ADOPTION lines between Ireland and Vietnam are set to reopen by autumn, the Herald can reveal.

Intense negotiations, aimed at allowing Irish couples to adopt children from the Asian country, should reach a conclusion by June.

The news will come as a massive boost to around 200 families who were in the process of adopting a child from Vietnam when a bilateral adoption agreement ended in May 2009.

Efforts are also underway to open channels with agencies in Russia and Ethiopia which have not signed up to stricter rules under the Hague Convention.

Children's Minister Frances Fitzgerald told the Herald today that a delegation from Vietnam is due in Dublin before June.
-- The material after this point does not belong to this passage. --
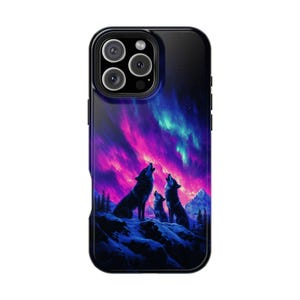 Wolves Howling Aurora Borealis Purple Phone Cover Case: iPhone, Galaxy, Pixel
She acknowledged that people have been "disappointed so often in relation to this" but said officials have overcome all remaining roadblocks.

"We will open up Vietnam," she confirmed, noting that huge progress was made when she travelled there last year.
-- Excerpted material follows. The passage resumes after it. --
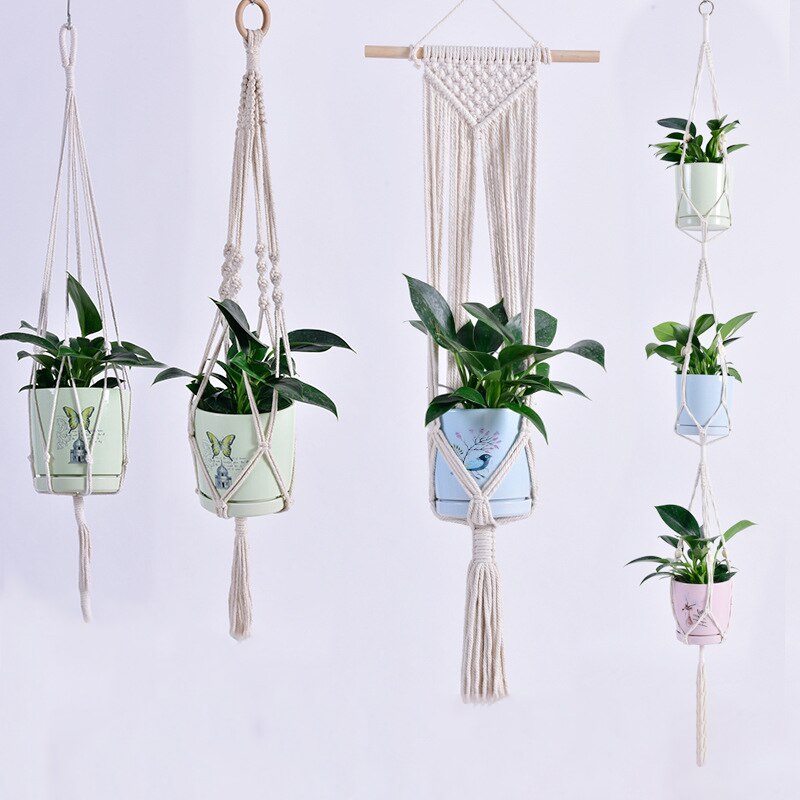 Handmade Hanging Baskets Flowerpot Plant Holder Macrame Plant Hanger Pot Indoor Wall Hanging Planter Hangers Holder Home Decor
"Given the visit I had and the very position response, I'm expecting the Vietnamese authorities over here before June and I'm hoping that at that point we will have clarified any of the issue.


"There is no reason why adoptions shouldn't open up between Ireland and Vietnam."

Some 19 couples were at an advanced stage of adopting a Vietnamese child when the inter-country agreement lapsed in May 2009. Another 200 were at an early stage in the process.

Many of those have been left in limbo ever since, but Ms Fitzgerald said she is now determined to resolve the issue to get an answer to the adoption situation.

Ms Fitzgerald said that there is a changed environment since Ireland ratified the Hague Convention in 2010.

"We have a changed situation. In terms of preparation for it, many parents have been taken aback at the change," said the minister.

Her department was working to re-open connections with Russia and Ethiopia.

"There is a lot of work under way. Many Irish parents have adopted from Ethiopia and they want to adopt a second child.

"Ethiopia hasn't signed the Hague Convention but I took a decision to see if our laws can be compatible with what they are doing. I did the same with Russia," Ms Fitzgerald told the Herald.